Signs of body dysmorphia can include…
- Being extremely preoccupied with a perceived flaw in appearance that to others can’t be seen or appears minor
- Excessive grooming
- Frequently seeking cosmetic procedures
- Constant comparing one’s appearance to others
- Wearing baggy clothing for the purpose of “camouflaging” perceived flaws
- Avoiding going into public out of the fear of being mocked for these perceived physical flaws
Causes of the disorder are still being researched, but the most common beliefs as to what’s behind this disorder include differences in the brain, genetic makeup (especially from relatives who have obsessive-compulsive disorder), and environmental factors such as childhood abuse or neglect.
Becoming comfortable with your body, especially with body dysmorphia, is a very intimate process. This can make the prospect of sex especially intimidating. Sex creates an environment in which your body is seen in a new light. For those with dysmorphia, this may seem like an experience you’re not cut out for. However, sex can still be enjoyable and confidence-building for those with body dysmorphia. Everyone deserves an incredible sexual experience, and no one is any less deserving simply because of mental illness or personal issues.
For those with body dysmorphia, there are things you can try to take the reins on your sexual experience. Here are a few tips to get you started:
1. Be honest with your partner about what you’re experiencing.
There will be nothing your partner can say to cure your body dysmorphia, but there are small things you can do together to help you cope with it. For example, I experience body dysmorphia around my stomach. However, my boyfriend will sometimes play with it, lay on it, and make cutesy remarks about it that. Even if the effects were only short-term, it made me feel more at ease about my insecurities. Talking about my insecurity with my boyfriend offered him a guide on how to support me better. It was one of the best decisions I feel I’ve made.
2. Talk to someone.
Speak with someone who isn’t your partner, who can help you get to the root of your body dysmorphia and help you actively recover/cope with it. If possible, seek the assistance of a licensed therapist (especially if they specialize in the area of body dysmorphia disorders). Be completely honest about how you’re feeling about your body (even if it sometimes feels embarrassing) to get your money’s worth out of the therapy, and work with your therapist to set goals for achieving a better body image. If not a therapist, vent to a well-trusted friend who will help hold you accountable.

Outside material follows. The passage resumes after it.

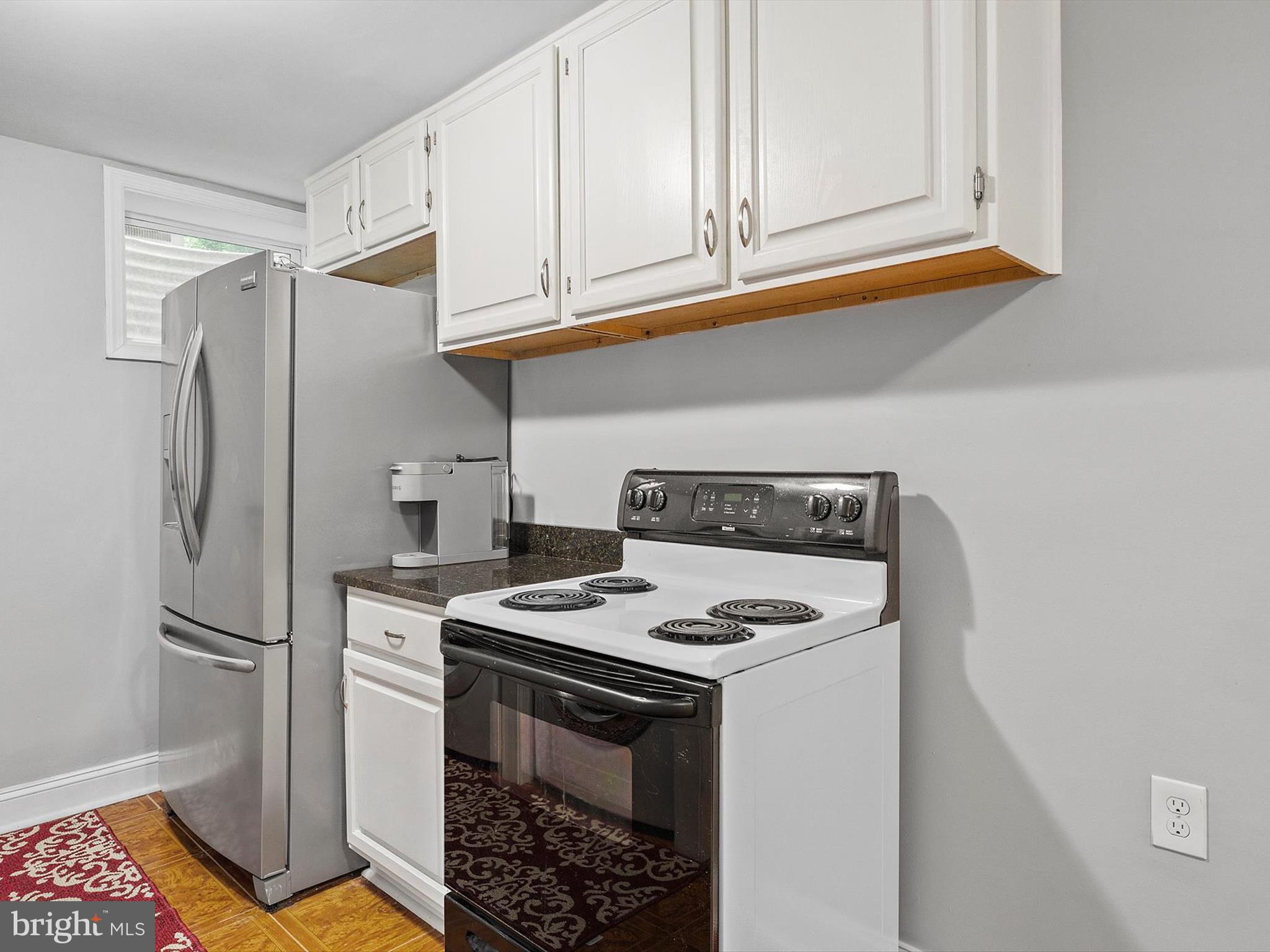 2704 ARCHANGEL COURT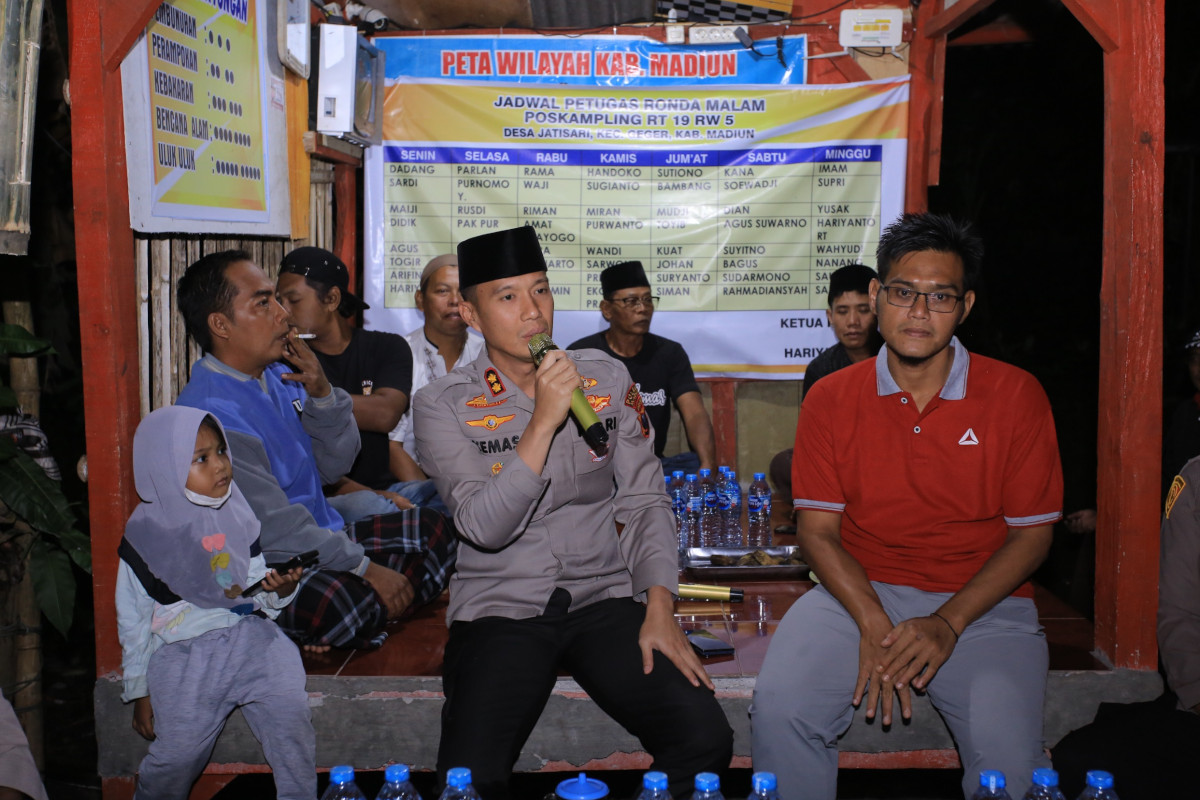 Kapolres Madiun Turun ke Pos Kamling Jatisari, Warga Diingatkan Bahaya Penipuan Online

3. Get to know your body yourself.
You can stand in front of a mirror, nude, to get used to seeing yourself in that light. Try masturbating, with or without porn, to become more confident in what you like and to become accustomed to seeing your body as a sexual entity.
4. Follow people on social media that advocate for realistic body types.
One of my personal favorites that helps me is @saggysara on Instagram, who shows how with the right posing and lighting, anyone on social media can look like a “typical model,” but also how she normally looks, unposed with a natural body that is beautiful.
5. Open yourself up to sex with your partner through smaller steps.
Start off gradually! You don’t have to go all in at once if you’re not fully comfortable. Begin with things such as: letting your partner finger you, perform oral, or engaging in mutual masturbation. As you get more comfortable, try to start shedding more clothes. Eventually, once you become more confident in sexual acts, that’ll matter more than how you feel that your body looks.
6. Do all that you can in your free time to nurture body acceptance.
Reframe your thoughts about your body and remind yourself that your body is allowed to be unique and beautiful at the same time. It’ll take a LOT of time to believe it, but it’ll definitely be worth all of the time it takes.